The Matterhorn looking from Riffelsee, Switzerland


oil on canvas
58 x 70 cm.
signed

item sold

Albert Gos came from an established Genevan family. He devoted his early 15 years to music and studied the violin under Alexandre Calame’s wife, Amélie Munz-Berger. Despite acclaim at the Geneva Conservatory, Gos turned to painting when he was twenty-two and took lessons for several months from one of Alexandre Calame’s leading pupils Barthélemy Menn. His instruction overlapped with Ferdinand Hodler who was also one of Menn’s pupils. Gos’s debut picture Moonlight in the Lauterbrunnen Valley was hung in the Lausanne Gallery in 1873 followed three years later by a first submission to the Paris Salon in 1876. Gos exhibited at the Royal Academy in London in 1880 and, subsequently, numerous private and official exhibitions, both in Switzerland and abroad, brought the young painter into prominence. His notable early exhibition was a solo one at the Georges Petit Gallery in Paris in 1895 and one which confirmed his reputation as a peintre de montagne and of the best known Valaisan painters of his generation.

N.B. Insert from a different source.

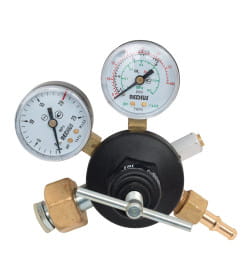 Регулятор комбинированный с подогревателем У-30/АР-40-КР1П РЕДИУС 51061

Indeed, of all the subjects of which it could be said that Gos made his ‘own’, his prolific Cervin (Matterhorn) pictures were what he became famous for and in Alpine clubs and artistic communities, his name was frequently written as Albert Gos, Le peintre du Cervin. Unusually, he made many moonlit views of the mountain too and at the end of 2024, as Keeper of Pictures there, I arranged for the restoration of a large two-metre-high composition, Claire de lune sur le Cervin, on behalf of its owners, the Alpine Club.

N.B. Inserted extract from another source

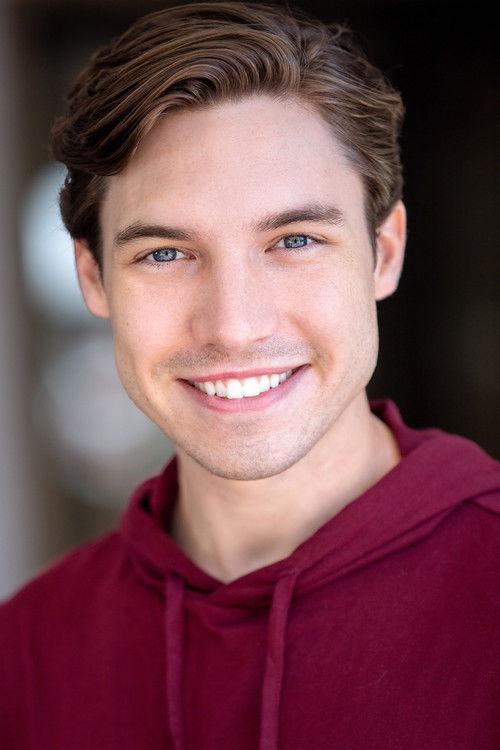 Photo of Josiah Schneider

The Gos family divided their time between Geneva and Zermatt and Albert’s children became well-known in their respective artistic fields. They were accomplished mountaineers too, especially Charles who made the first unguided ascent of the Zmutt Grat on the Matterhorn’s north face. The eldest son, François followed on from his father as a painter, his brother Charles was a writer and the youngest, Emile a widely revered mountain photographer. The title: Les Gos, une montagne en heritage seemed a most suitable one for a retrospective exhibition held in Martigny a few years ago and starting with Albert, the Gos family’s remarkable affinity with the Matterhorn continued for a few generations.

Our summertime Matterhorn looking from Riffelsee is as fine an example by Gos as I have seen in many years and a most welcome addition to Peaks & Glaciers.